A Homily for Easter 7, 2008
At the Cathedral of the Holy Trinity, Havana, Cuba
The Very Revd Michael J. Pitts
Sisters and brothers in Christ. It is wonderful for us to be here with you in Havana. This is my very first visit to your country, though I have followed your history with great interest since I was a student very many years ago. Some others of our group are also here for the first time, though my dear colleague Canon Sanchez will already be known to some of you from her visit last year. I thank Dean Juan, Bishop Nerva, you all and many other people we have already met, for making us feel so welcome in Cuba.
We are with you at a time when the whole church is celebrating the feast of the Ascension. I know that for many, especially for younger people, the idea of Jesus floating into the sky, as it is often depicted in Christian art, is not easy to grasp. So I like to think of this as a story rather than an historical event. I believe that it is a story of very great importance. It tells us about a transition between the time when Jesus was physically present with his disciples and the time when his presence was known spiritually in the community of the church and especially in the breaking of bread and the sharing of wine.

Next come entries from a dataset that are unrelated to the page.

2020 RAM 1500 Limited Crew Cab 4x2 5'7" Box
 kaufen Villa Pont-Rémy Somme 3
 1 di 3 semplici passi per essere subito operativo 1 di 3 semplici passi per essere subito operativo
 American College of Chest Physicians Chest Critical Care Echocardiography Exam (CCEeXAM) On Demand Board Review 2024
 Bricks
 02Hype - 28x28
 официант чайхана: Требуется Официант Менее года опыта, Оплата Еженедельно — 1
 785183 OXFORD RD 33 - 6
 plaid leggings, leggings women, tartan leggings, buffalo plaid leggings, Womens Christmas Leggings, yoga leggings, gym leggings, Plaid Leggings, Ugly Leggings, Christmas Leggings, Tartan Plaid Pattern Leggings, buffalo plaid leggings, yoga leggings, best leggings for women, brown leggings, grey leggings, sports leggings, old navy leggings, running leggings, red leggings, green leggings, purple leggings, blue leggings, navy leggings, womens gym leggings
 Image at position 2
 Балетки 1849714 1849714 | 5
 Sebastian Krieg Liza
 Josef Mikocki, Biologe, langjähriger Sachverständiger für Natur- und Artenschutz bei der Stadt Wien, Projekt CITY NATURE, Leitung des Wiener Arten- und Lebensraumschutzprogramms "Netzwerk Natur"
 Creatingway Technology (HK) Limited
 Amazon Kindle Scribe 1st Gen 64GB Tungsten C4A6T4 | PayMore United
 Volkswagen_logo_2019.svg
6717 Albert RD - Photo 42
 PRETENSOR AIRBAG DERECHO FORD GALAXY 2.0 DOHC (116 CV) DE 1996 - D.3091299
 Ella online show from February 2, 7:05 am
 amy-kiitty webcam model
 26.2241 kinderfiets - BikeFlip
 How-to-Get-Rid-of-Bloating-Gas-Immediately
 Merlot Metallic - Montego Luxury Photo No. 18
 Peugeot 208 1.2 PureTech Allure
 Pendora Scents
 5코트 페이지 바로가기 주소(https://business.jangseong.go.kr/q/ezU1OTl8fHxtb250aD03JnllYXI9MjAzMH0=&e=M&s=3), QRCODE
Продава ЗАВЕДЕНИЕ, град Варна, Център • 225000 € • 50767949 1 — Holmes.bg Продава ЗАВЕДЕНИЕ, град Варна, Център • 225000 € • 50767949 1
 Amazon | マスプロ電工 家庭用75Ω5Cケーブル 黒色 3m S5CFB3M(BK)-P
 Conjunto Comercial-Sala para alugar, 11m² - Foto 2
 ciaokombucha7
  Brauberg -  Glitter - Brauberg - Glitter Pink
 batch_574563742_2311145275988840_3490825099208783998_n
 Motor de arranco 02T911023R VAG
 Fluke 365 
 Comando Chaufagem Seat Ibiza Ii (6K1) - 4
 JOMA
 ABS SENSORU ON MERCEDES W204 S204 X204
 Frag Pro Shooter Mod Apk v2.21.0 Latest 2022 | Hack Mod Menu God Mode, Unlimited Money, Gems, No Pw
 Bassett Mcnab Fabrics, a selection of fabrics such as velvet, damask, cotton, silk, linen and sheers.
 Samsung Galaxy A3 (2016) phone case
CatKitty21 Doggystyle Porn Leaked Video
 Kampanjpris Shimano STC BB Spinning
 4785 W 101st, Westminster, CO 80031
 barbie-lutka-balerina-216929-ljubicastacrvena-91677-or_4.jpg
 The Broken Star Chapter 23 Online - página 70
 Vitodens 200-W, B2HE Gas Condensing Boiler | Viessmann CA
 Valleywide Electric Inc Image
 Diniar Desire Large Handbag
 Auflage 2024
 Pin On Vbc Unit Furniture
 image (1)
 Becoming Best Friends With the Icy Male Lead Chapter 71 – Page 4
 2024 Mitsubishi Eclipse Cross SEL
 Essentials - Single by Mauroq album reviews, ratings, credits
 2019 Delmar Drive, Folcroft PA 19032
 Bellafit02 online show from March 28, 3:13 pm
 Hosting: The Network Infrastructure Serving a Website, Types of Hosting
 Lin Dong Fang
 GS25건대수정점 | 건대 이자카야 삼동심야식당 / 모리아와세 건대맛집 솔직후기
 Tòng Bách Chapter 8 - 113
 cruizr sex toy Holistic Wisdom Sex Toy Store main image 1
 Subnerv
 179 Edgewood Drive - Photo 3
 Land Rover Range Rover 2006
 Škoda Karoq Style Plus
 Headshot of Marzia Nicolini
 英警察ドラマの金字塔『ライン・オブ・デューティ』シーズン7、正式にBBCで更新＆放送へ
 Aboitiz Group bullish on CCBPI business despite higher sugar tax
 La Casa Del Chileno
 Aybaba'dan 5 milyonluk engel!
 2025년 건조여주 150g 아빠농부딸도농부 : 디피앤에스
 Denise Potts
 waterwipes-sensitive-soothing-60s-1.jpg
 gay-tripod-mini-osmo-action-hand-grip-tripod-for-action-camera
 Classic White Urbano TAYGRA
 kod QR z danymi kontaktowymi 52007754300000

One of my favourite of the Easter Stories is Luke's account of the two disciples who walked from Jerusalem to Emmaus on the first Easter day. As they walked they were aware of a stranger walking with them. He spoke to them, you may remember, about the scriptures (the Hebrew Scriptures which were their Bible). He showed how they pointed to the meaning of Jesus. But the disciples did not recognise the stranger until.... until they arrived at an inn and the stranger took bread and broke it. Then they knew the presence of Jesus with them. And then, Luke tells us, he was no longer there, but they returned to Jerusalem filled with joy.
We are all disciples of Jesus after the resurrection and Ascension. Jesus' presence with us is not a physical or direct or individual presence. We find and know the presence of Jesus when we meet together as a community, and especially when we break the bread and share the wine. It is this presence of the living Jesus which binds us together in one world wide community. It is this presence which makes possible a fellowship between you in Havana and us in Montreal, even when normally, we are separated by the length of a continent.
I find it sad when, in the history of the church, and at the present time, there are those who try to make our common fellowship be based in something other than the presence of the living Christ. Beliefs about Jesus and his moral requirements are made into the rule of faith, and it is insistence on those rather than on our common experience of the presence of Christ, that has always torn the church apart, as it is today.
We are one because we are one in Christ, the living Jesus who shares with us in the breaking of the bread and the drinking of the wine. When we have known that sharing, that communion, nothing should be able to divide us.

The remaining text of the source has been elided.